What is expected: Reproduce the records below in full and word for word, excluding pictures.

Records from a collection
++++++++

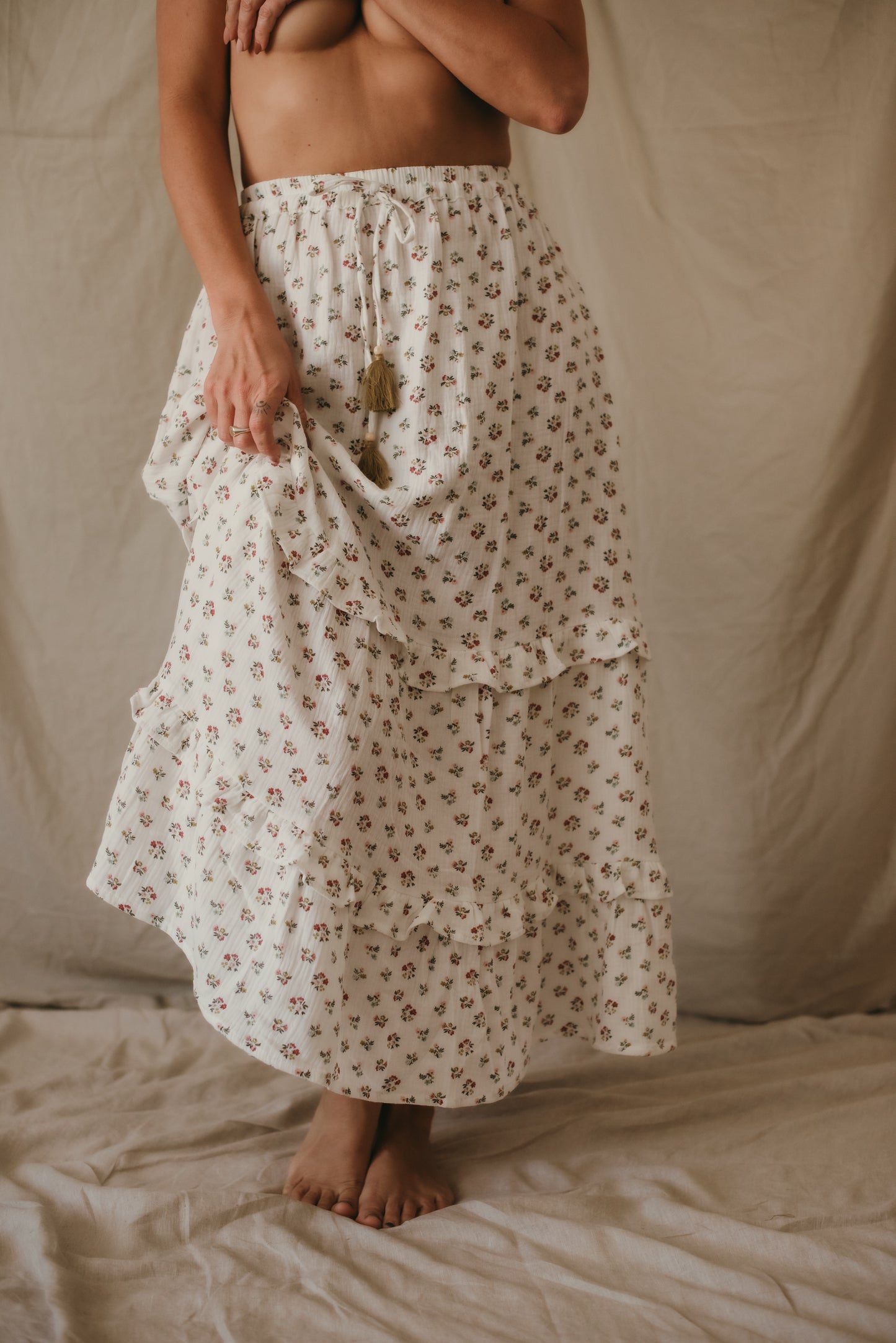 Primrose Maxi Skirt - Spring Floral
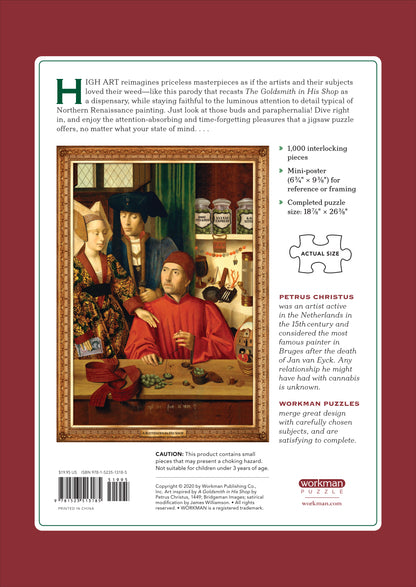 High Art: A Budtender in His Shop 1,000-Piece Puzzle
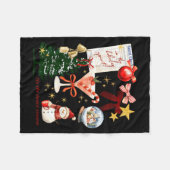 Holiday Vibes In The Holiday Srit Christmas Funny Fleecedecke (Vorderseite (Horizontal))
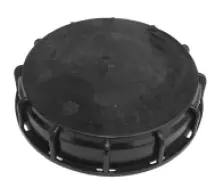 HORNÍ ŠROUBOVACÍ VÍKO WERIT DN 150 MM BEZ ODVZDUŠNĚNÍ ČERNÉ VČETNĚ TĚSNĚNÍ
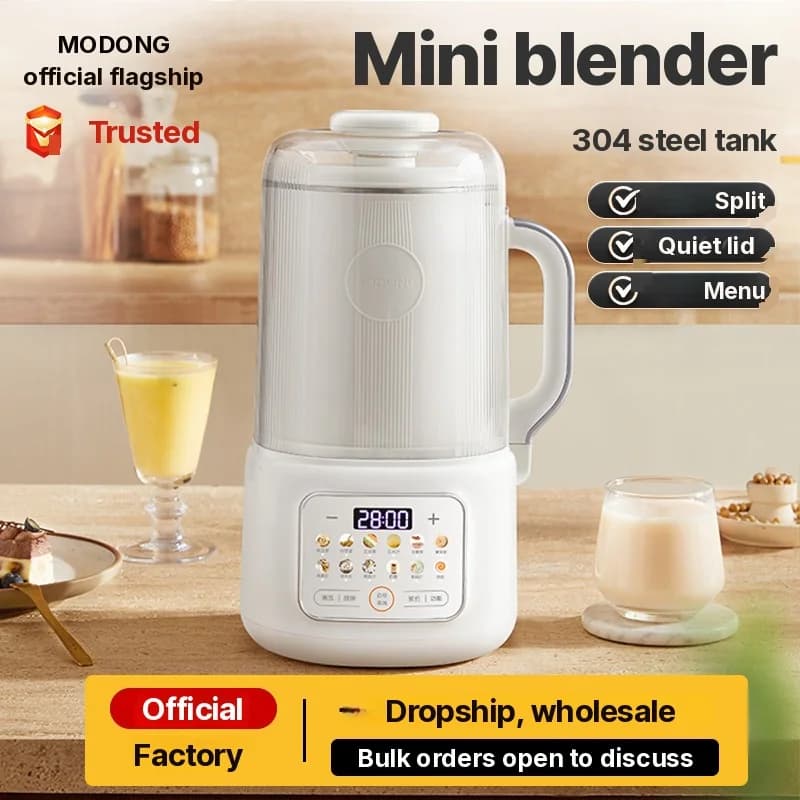 Liquidificador Aquecido para Leite de Soja com Autolimpeza 800W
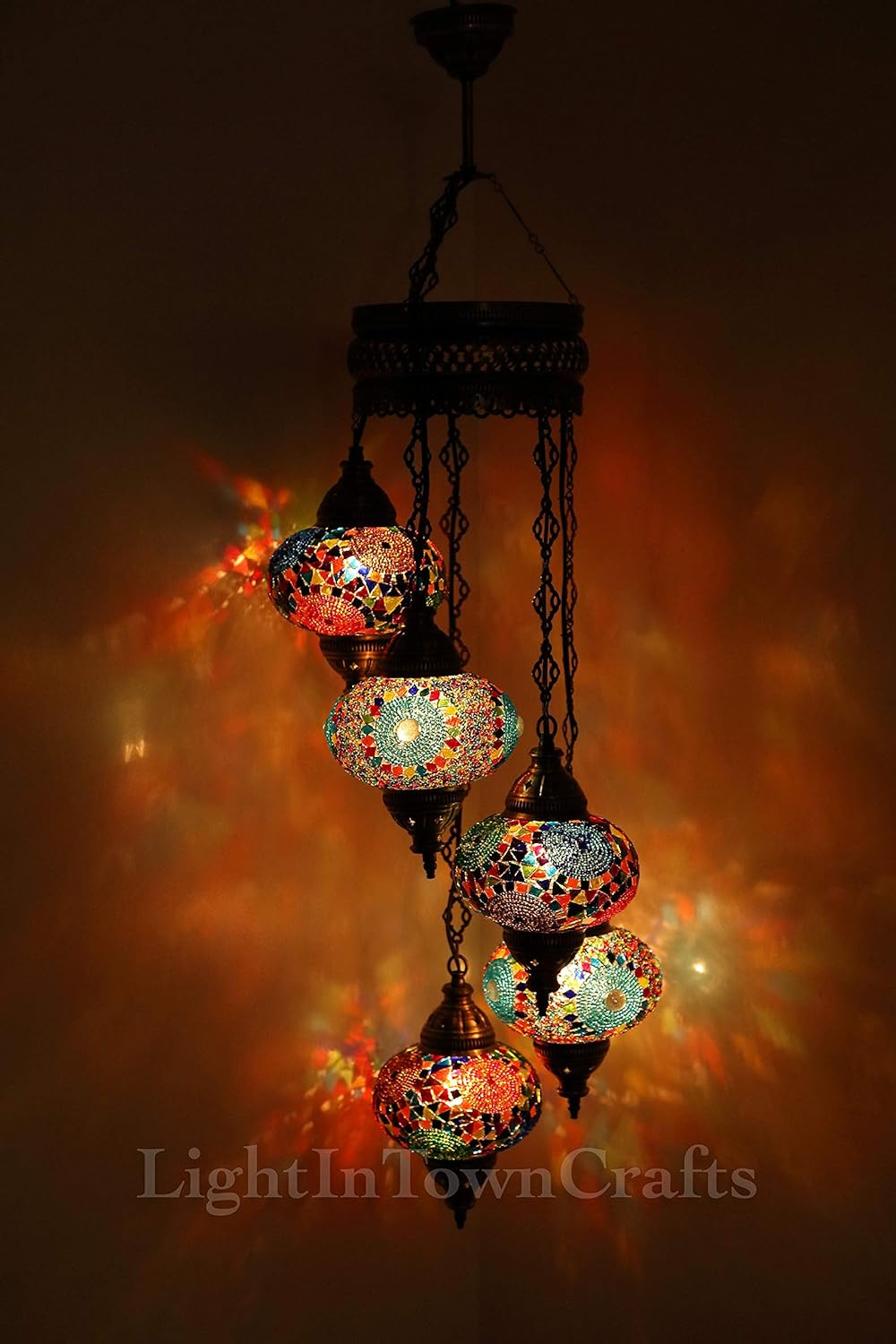 Mosaic Chandelier Hanging Ceiling Lantern Pendant Light O6682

++++++++

Expected answer:
 Primrose Maxi Skirt - Spring Floral
 High Art: A Budtender in His Shop 1,000-Piece Puzzle
 Holiday Vibes In The Holiday Srit Christmas Funny Fleecedecke (Vorderseite (Horizontal))
 HORNÍ ŠROUBOVACÍ VÍKO WERIT DN 150 MM BEZ ODVZDUŠNĚNÍ ČERNÉ VČETNĚ TĚSNĚNÍ
 Liquidificador Aquecido para Leite de Soja com Autolimpeza 800W
 Mosaic Chandelier Hanging Ceiling Lantern Pendant Light O6682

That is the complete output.